Saved entries:
+--
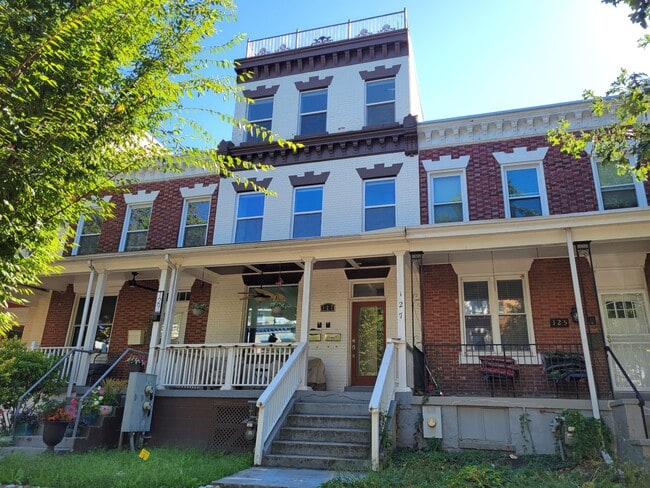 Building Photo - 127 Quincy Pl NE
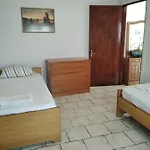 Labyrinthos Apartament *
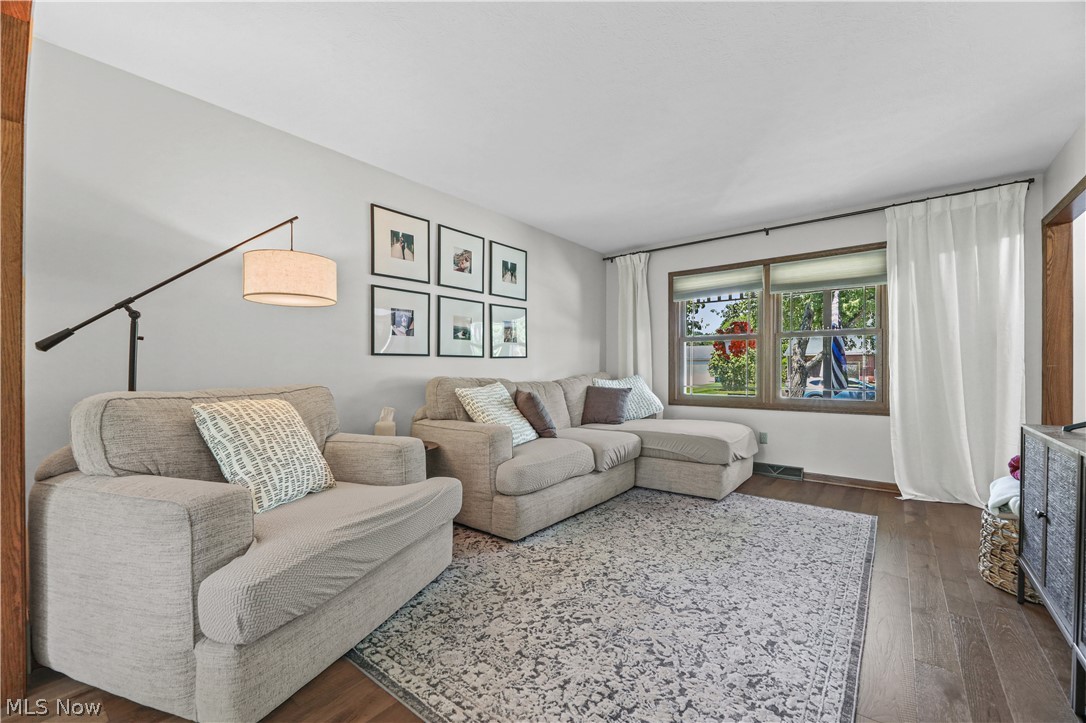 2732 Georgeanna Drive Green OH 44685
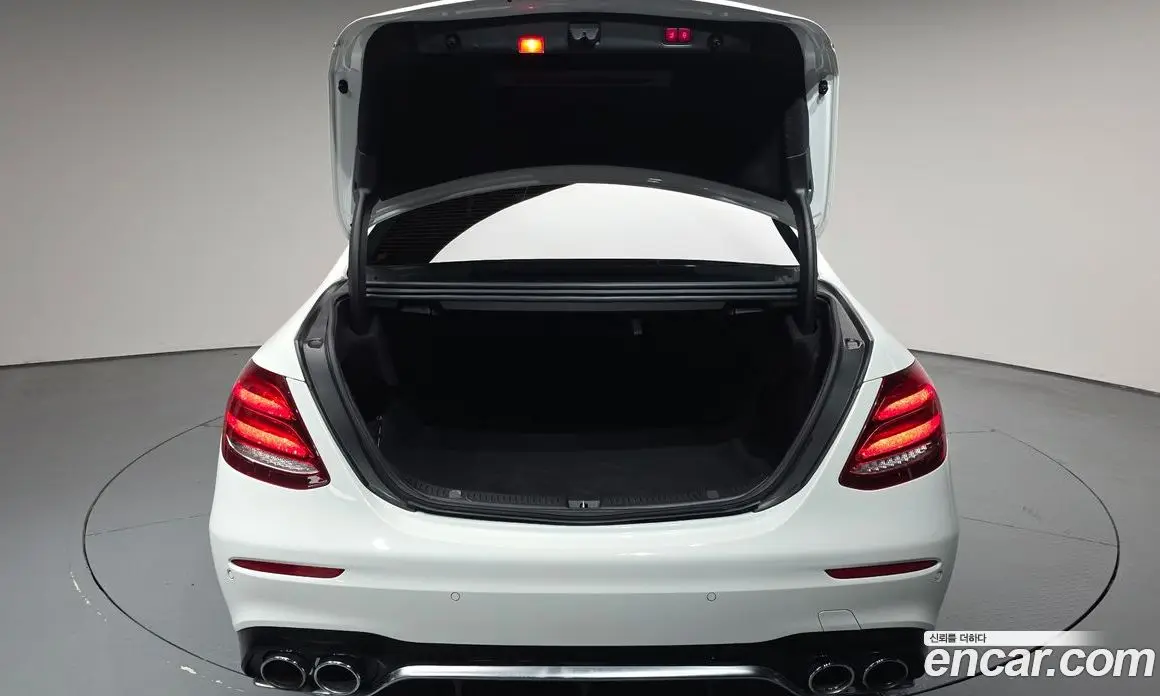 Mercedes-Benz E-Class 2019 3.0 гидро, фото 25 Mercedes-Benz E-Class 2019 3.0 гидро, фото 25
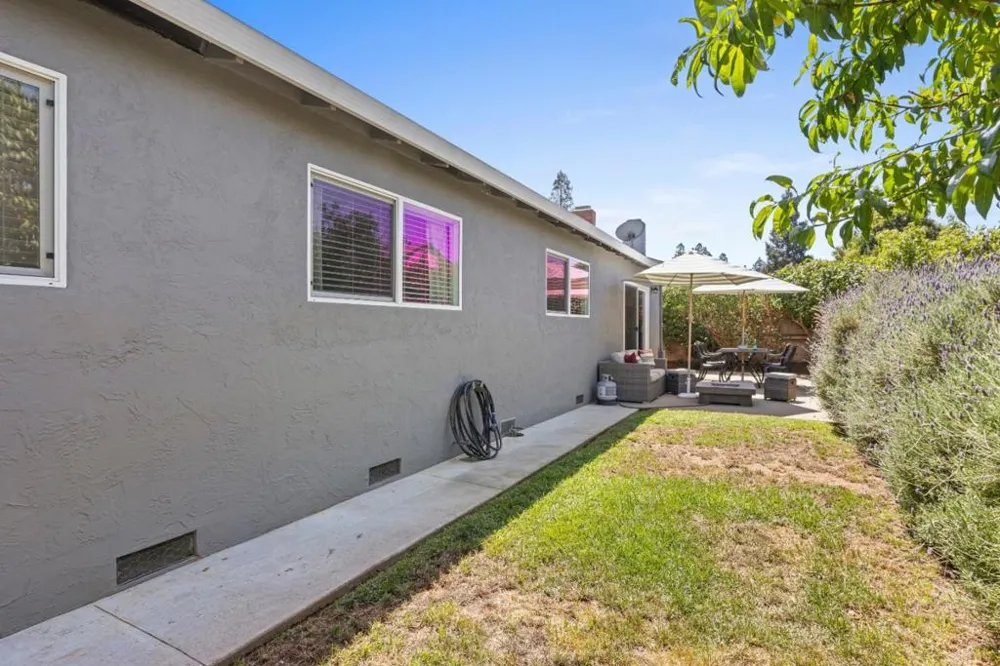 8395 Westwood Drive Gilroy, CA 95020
+--
* WORK INSTRUCTIONS
Word-for-word restatement: every line from the one with "Labyrinthos Apartament *" through the final line of the data, both ends included, pictures excluded.

* SOLVED EXERCISE
 Labyrinthos Apartament *
 2732 Georgeanna Drive Green OH 44685
 Mercedes-Benz E-Class 2019 3.0 гидро, фото 25 Mercedes-Benz E-Class 2019 3.0 гидро, фото 25
 8395 Westwood Drive Gilroy, CA 95020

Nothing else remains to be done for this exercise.